Despite the super long name of the question, here it is:
I have these two dataframes. Each having a single column that is another dataframe
# df1
structure(list(longest_hw = list(structure(list(start = structure(12266, class = "Date"),
end = structure(12294, class = "Date"), max_temp_in_hw = 37.5,
duration = 28), class = c("tbl_df", "tbl", "data.frame"), row.names = c(NA,
-1L)))), row.names = c(NA, -1L), class = c("tbl_df", "tbl", "data.frame"
))
# which looks like this
# A tibble: 1 × 1
longest_hw
<list>
1 <tibble [1 × 4]>
structure(list(highest_temp = list(structure(list(doy = 220L,
cell_id = 68977L, year = "2013", temp = 39.3), class = c("tbl_df",
"tbl", "data.frame"), row.names = c(NA, -1L)))), row.names = c(NA,
-1L), class = c("tbl_df", "tbl", "data.frame"))
#
# A tibble: 1 × 1
highest_temp
<list>
1 <tibble [1 × 4]>
I want to "put them together", so that I can write them into one final json, where the column-names (longest_hw and highest_temp) are the keys to a value which is another object. Here the column-names one level below (start, end, max_temp_in_hw, duration)

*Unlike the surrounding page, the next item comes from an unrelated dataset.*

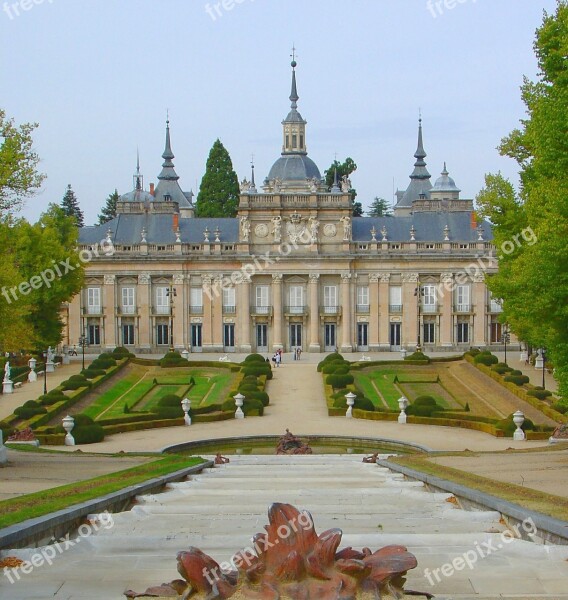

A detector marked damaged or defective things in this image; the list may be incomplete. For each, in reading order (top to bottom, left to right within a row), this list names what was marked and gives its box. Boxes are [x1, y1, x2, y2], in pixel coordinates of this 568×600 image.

are the keys and the values the values.
So I mean is the following:
# first I bind the two top-level dataframes together using bind_cols
df = bind_cols(longest_hw, highest_temp)
# and then convert it to a class json
df_json = toJSON(df)
# and finally write it out
write(df_json, "path_to_file")
The result looks like this:
[
{
"longest_hw": [
{
"start": "2003-08-02",
"end": "2003-08-30",
"max_temp_in_hw": 37.5,
"duration": 28
}
],
"highest_temp": [
{ "doy": 220, "cell_id": 68977, "year": "2013", "temp": 39.3 }
]
}
]
Now the thing is that I want the values of the keys longest_hw
and highest_temp
to be an object and not an array, so that it would look like this:
[
{
"longest_hw": {
"start": "2003-08-02",
"end": "2003-08-30",
"max_temp_in_hw": 37.5,
"duration": 28
},
"highest_temp": {
"doy": 220,
"cell_id": 68977,
"year": "2013",
"temp": 39.3
}
}
]
But I did not find a way to do so. Essentially this is about creating nested json-objects from R, where I know that there are resources, but I simply could not figure it ou
CodePudding user response:
This takes a bit of unwinding:
jsonlite::toJSON(
list(lapply(c(df1, df2), function(z) lapply(z, as.list)[[1]])),
pretty = TRUE, auto_unbox = TRUE)
# [
# {
# "longest_hw": {
# "start": "2003-08-02",
# "end": "2003-08-30",
# "max_temp_in_hw": 37.5,
# "duration": 28
# },
# "highest_temp": {
# "doy": 220,
# "cell_id": 68977,
# "year": "2013",
# "temp": 39.3
# }
# }
# ]
My method: I took your desired output json, ran it through parse_json
, and found a combination of c
, as.list
, and such in order to mimic the structure.